Escalating hostility between the United States and Iran is complicating travel between Europe, the Persian Gulf, the Arabian Peninsula, and North America. Even as tensions simmer, however, business aviation (BizAv) professionals are identifying new route potentials and establishing new ways to navigate airspace to continue serving their clients.
The tension so far
On June 20, Iran shot down a U.S. unmanned military aircraft. In response, the Federal Aviation Administration (FAA) issued a no-fly order covering all Iranian airspace for all civil aircraft. The FAA has concerns of potential military strikes on civilian flights, either from American or Iranian forces.
The Tehran Flight Information Region (OIIX) doesn’t cover only airspace over Iran’s landmass, however. Iranian airspace includes the Persian Gulf and the Gulf of Oman, as well as the Strait of Hormuz. This makes it challenging for many business travelers and other civilians to reach global business hubs throughout the region, including Doha, Dubai, and Abu Dhabi.

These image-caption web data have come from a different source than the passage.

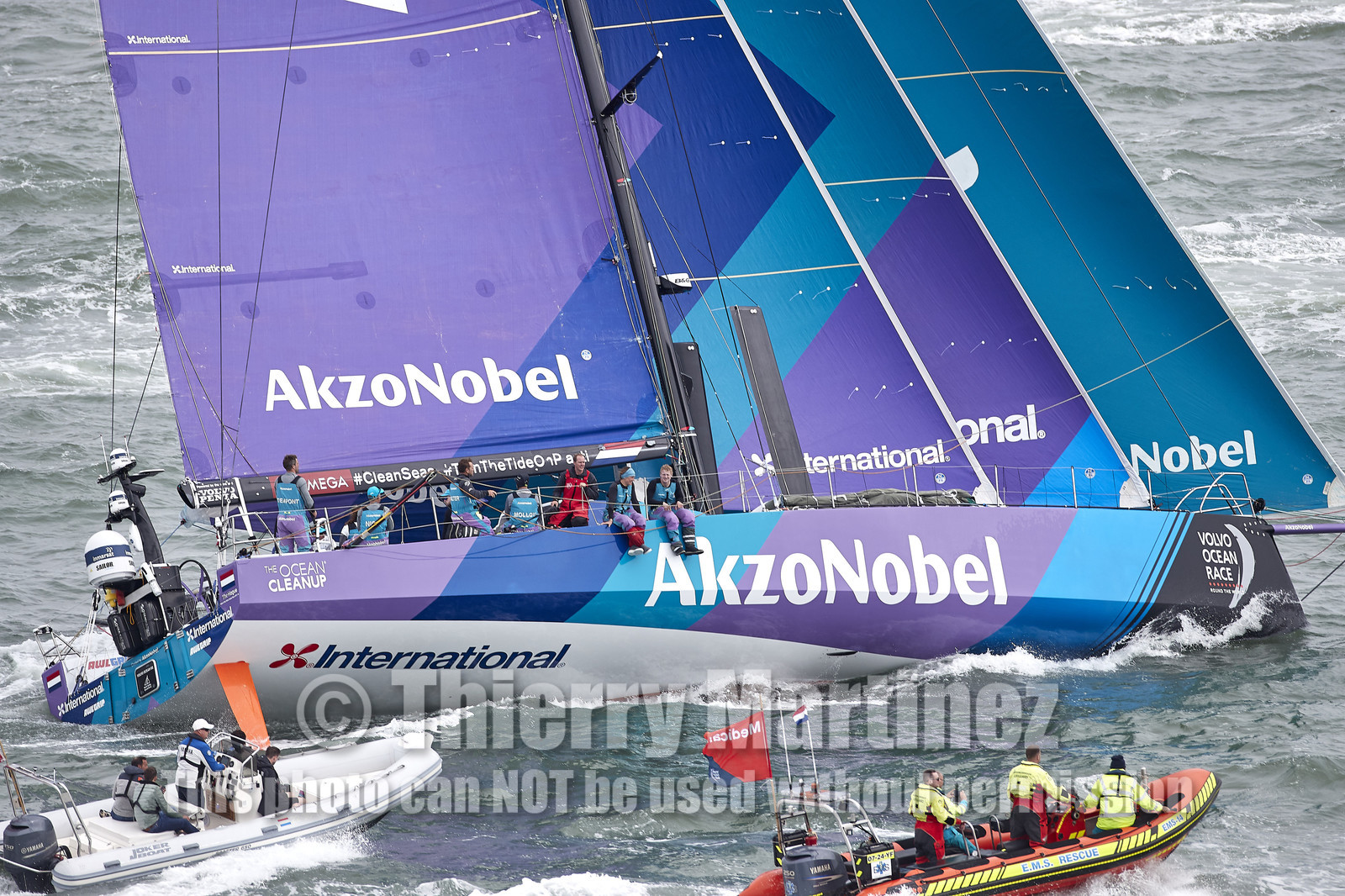 team AkzoNobel  in Volvo Ocean Race 2017-18.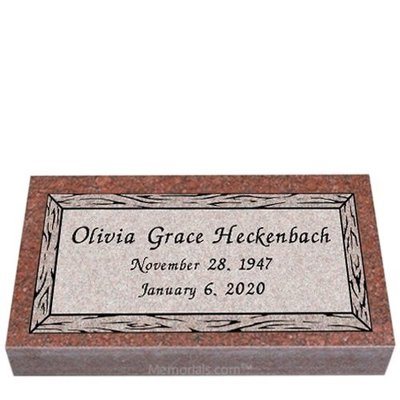 Simplicity Granite Grave Marker 24 x 14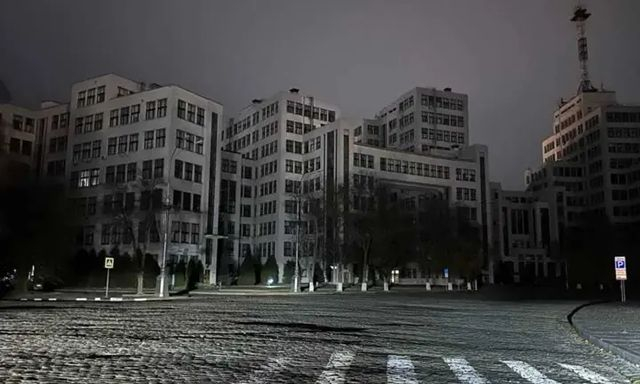 На выходных Харьков погрузился в тотальный блэкаут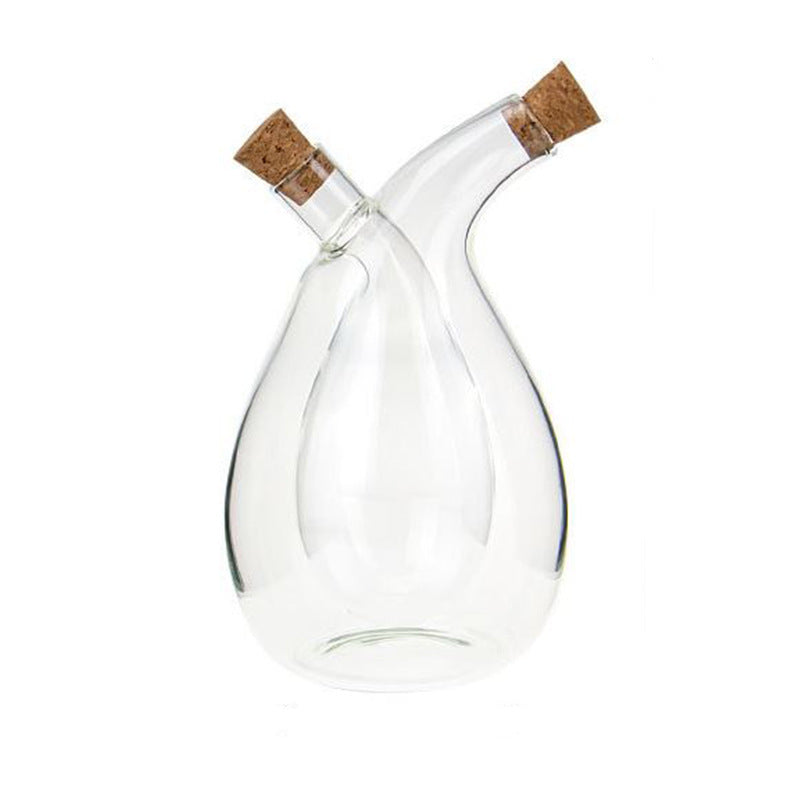 Borosilicate Glass Oil & Vinegar Dispenser – Fine Spout Seasoning Bottle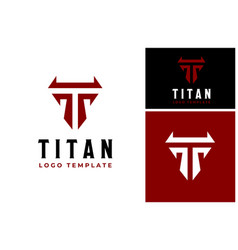 Initial Letter T Titan Shield Logo Design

In fact, United Airlines flights from New York to Mumbai are canceled indefinitely due to the flight ban.
Following precedent of past conflicts
The FAA’s emergency order applies only to U.S.-based aircraft; however, international aircraft operators are paying attention and following suit. Industry analysts suggest that the potential danger of a civilian aircraft shoot-down over Iran is real and imminent.
In fact, tensions between the U.S. and Iran have led to civilian aircraft deaths in the past. In 1988, a missile fired by American forces struck Iran Air Flight 555, killing 290 people.
More recently, Malaysia Airlines Flight 17 was struck by a missile while flying over a separatist-controlled section of Eastern Ukraine, killing 298 people. This prompted airlines and regulators across the globe to reexamine the way the civilian aviation industry handles airspace over areas of violent conflict.
Middle Eastern airspace is already heavily congested and severely restricted. Flights between Europe, Eastern North America, and Asia pass over the Middle East. Ongoing conflicts and political rivalries have restricted the use of airspace over countries such as Syria and Yemen for the past several years.
Responding and preparing for detours
Both commercial airlines and BizAv industries are adapting to rising tensions in the region and preparing for the possibility of future conflict.
Many internationally based aircraft are avoiding airspace in the strategically important area of Southern Iran surrounding the Persian Gulf and the Strait of Hormuz, while continuing to fly into Tehran and fly over Northern Iran.
Meanwhile, other aircraft are avoiding airspace within the Tehran OIIX altogether. These flights are using alternative, longer routes over Israel, Jordan, and Saudi Arabia — or over the Caspian Sea and Turkmenistan.
Regardless of the origin and destination of your BizAv flight, the safety of your crew and passengers are of the utmost importance. Following FAA guidance, as well as staying on top of global affairs, will help prepare you to make safe business travel decisions.